**EXERCISE REQUIREMENTS:** From the data below, return only the lines from the one with "Life HeLa cell" through the one with "SLN Antibody in Western Blot (WB)", exact and inclusive, with pictures left out.

Dataset items:
════════════════
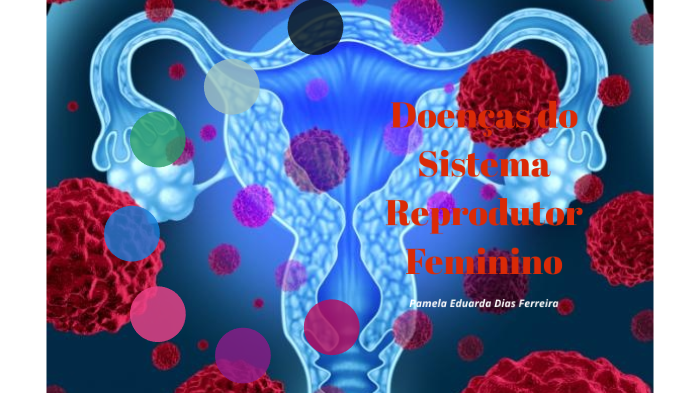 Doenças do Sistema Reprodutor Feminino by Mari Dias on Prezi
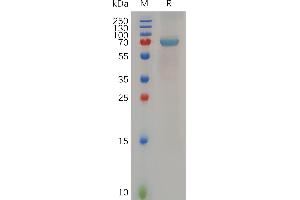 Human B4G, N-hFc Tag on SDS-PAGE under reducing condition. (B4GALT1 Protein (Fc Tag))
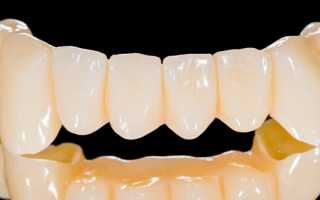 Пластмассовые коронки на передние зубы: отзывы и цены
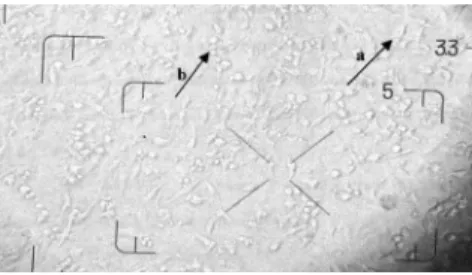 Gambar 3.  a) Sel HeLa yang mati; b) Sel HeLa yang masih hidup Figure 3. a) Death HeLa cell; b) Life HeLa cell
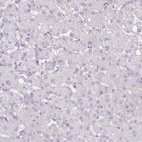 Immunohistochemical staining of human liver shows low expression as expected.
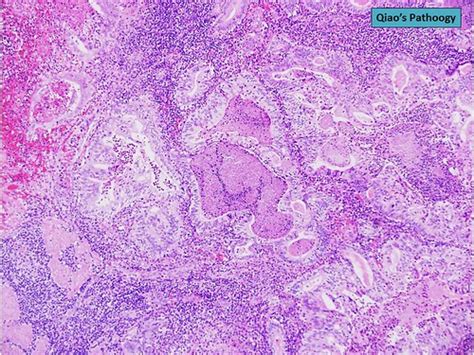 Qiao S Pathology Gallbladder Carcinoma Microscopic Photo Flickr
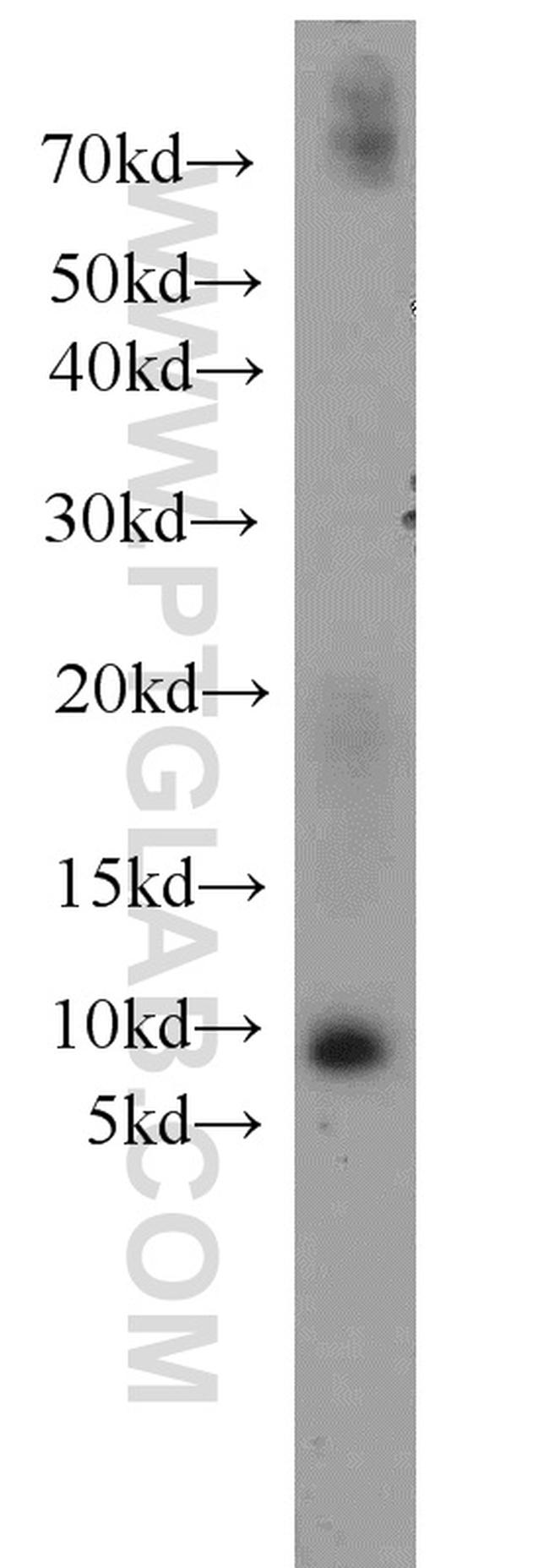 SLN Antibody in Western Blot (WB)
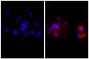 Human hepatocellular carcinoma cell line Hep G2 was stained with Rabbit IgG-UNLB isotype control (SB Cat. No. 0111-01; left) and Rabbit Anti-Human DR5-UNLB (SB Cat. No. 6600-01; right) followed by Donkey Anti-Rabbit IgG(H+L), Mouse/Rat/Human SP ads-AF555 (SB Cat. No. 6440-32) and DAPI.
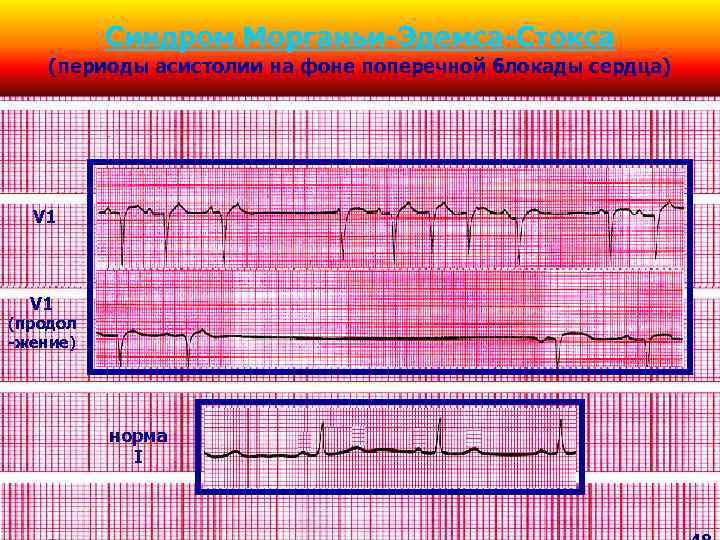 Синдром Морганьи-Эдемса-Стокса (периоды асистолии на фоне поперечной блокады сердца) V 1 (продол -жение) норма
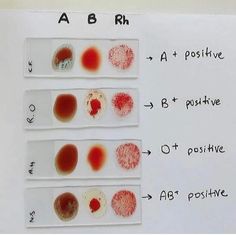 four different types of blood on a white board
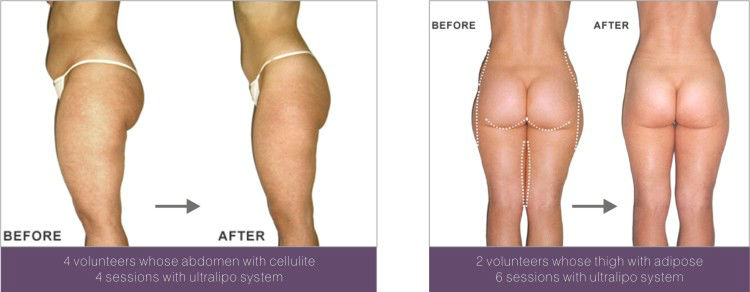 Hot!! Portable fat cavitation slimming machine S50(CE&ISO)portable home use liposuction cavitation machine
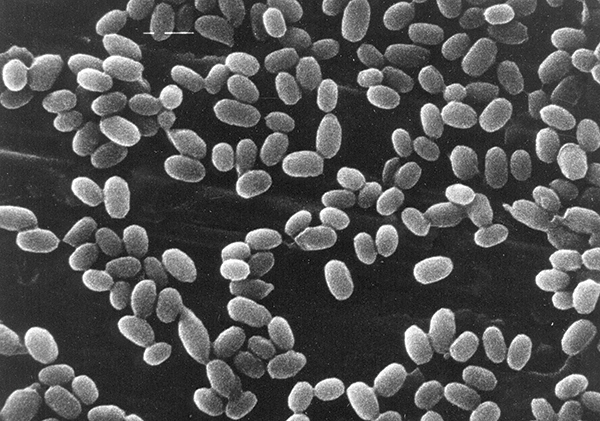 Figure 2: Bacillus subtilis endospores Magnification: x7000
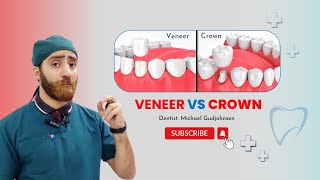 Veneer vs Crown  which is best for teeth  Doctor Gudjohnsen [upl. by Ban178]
════════════════
**EXERCISE RESULT:**
 Gambar 3.  a) Sel HeLa yang mati; b) Sel HeLa yang masih hidup Figure 3. a) Death HeLa cell; b) Life HeLa cell
 Immunohistochemical staining of human liver shows low expression as expected.
 Qiao S Pathology Gallbladder Carcinoma Microscopic Photo Flickr
 SLN Antibody in Western Blot (WB)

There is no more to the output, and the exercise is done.